A feeling there are a lot of Jake Barnes in the world–people who take on rightuous causes not out of personal interest but because the job needs doing.
How Did You Come up With Your Characters?
I started with a person who is so embittered by his relations with women that he’s capable of murder when he thinks he can get away with it. Then I needed someone who wouldn’t be satisfied when his own department placed “accidental death” on the case folder. That was Jake who is now retired and who decides when he learns the same person may have commited another murder that he has to do something about it.
Jake didn’t know Angela Boyer. Nor, for that matter, did he know any of the other names listed at the bottom of the obituary––except for one––Dr. Bernard Johns, a local dentist he had questioned seven years previously when a woman with whom Johns had been skiing fell to her death in Thatcher Park. Jake had never been satisfied with Dr. Johns’ rendition of what happened.

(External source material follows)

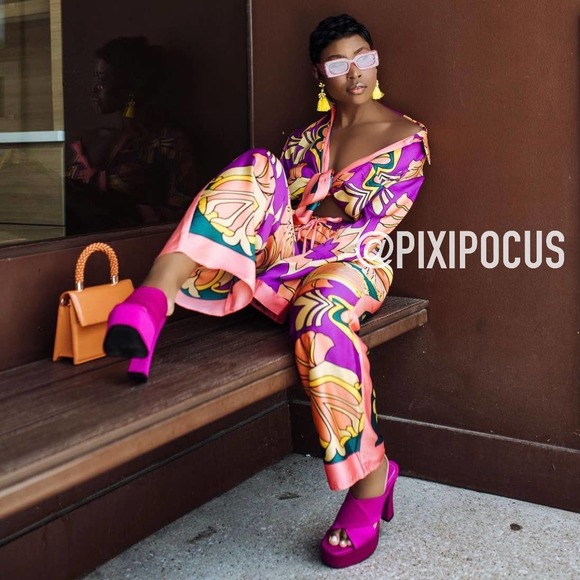 ZARA SATIN PRINTED PAJAMA STYLE PANTS - Picture 14 of 15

Jake felt they had closed the investigation too early when his superiors at the Albany Police Department had declared the woman’s death an accident, clearing Johns of any wrongdoing.
That case would have remained filed among the many others where the pieces don’t quite fit, except for a second instance of an unexplained death with a connection to Dr. Johns. The body of a local woman was found at the bottom of a mountain trail in the Catskill region of New York State three and a half years ago. There were no obvious signs of foul play and again, the death was ruled an accident. Jake thought it suspicious that a hiking club member would have gone up a difficult trail without a companion. Following his hunch, Jake had obtained a list of the hiking club’s members. One name stuck out: Dr. Bernard Johns.
Now Johns’ name had come up again in connection with the death of yet another area woman.
Taken separately, each of the three deaths might seem to have logical explanations, but Jake hadn’t been a cop for thirty years without learning to detect guilt in a person’s bearing. Something in Johns’ demeanor had bothered him on that cold February afternoon seven years ago when he and his partner questioned Dr. Johns.
He still remembered Johns’ exact words: “If she hadn’t been so anxious to get a better view, she’d be alive today. Some women don’t know when to stop.” Later when he asked him to describe Feldman, he included the word “pushy” along with smart, athletic, and attractive.
Had the fact that he’d gotten away with murdering Joanne Feldman emboldened Johns to commit additional murders? Was Angela Boyer yet another of his victims?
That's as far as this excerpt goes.